San Diego Attorney Cory Briggs’ Land Deals Raise Ethical, Legal Questions
For years, Cory Briggs, a high-profile San Diego lawyer and a key figure in the resignation of former Mayor Bob Filner, has engaged in real estate transactions that a host of experts say are questionable and possibly fraudulent.
inewsource followed millions of dollars of his land deals through four Southern California counties to be met with slammed doors, a threat to call the police and a strange hand-delivered letter, saying there was no payoff to get rid of Filner, who resigned in 2013 amid a sexual harassment scandal. inewsource also discovered Briggs had sold his home for about half its worth to a corporation he controls.
These types of transactions are “never done in honest business dealings,” said William Black, a white-collar criminologist and former bank regulator who testified before Congress about the Lehman Brothers collapse.
inewsource asked Black and other experts to review public records of Briggs’ land deals, in particular two $1.5 million deeds of trust made on the same day in 2013. Briggs and his law firm entered into the deeds with four members of the same family. The deeds were secured by houses worth a fraction of that cost, without listing a title company.

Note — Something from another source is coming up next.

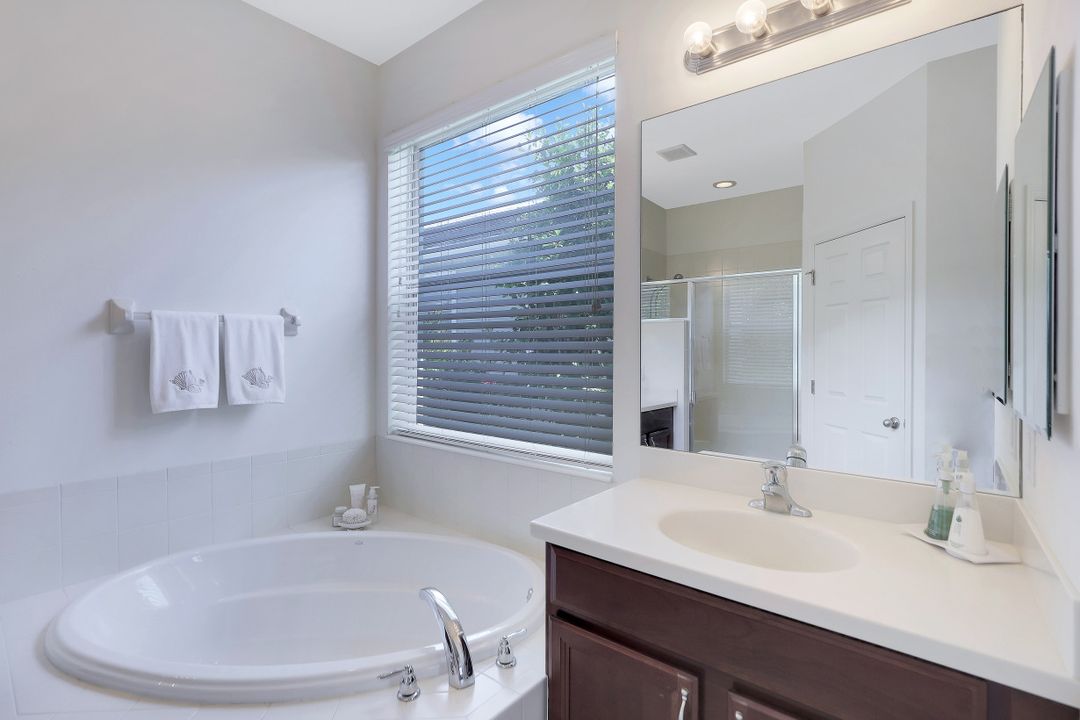 2632 Maraval Ct, Cape Coral, FL 33991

“I don’t think he’s going to want the Bar to learn about these things,” Black said.
A puzzling letter
Since at least 2007, the Briggs Law Corp. has been entering into deeds of trust — liens against a property typically in exchange for loans — with people in Riverside, San Bernardino, Ventura and Los Angeles counties for as little as $15,000 and as much as $1.5 million.
Briggs’ largest liens, totaling $3 million, were made on Aug. 28, 2013 — five days after Filner announced his resignation — by members of the Wolfinbarger family in Diamond Bar and Chino, a little more than 100 miles northwest of San Diego. The liens were worth nearly three times the value of the homes, according to data from Zillow and Homesnap. One house was worth about $679,000 at the time; the other currently is valued at about $378,000.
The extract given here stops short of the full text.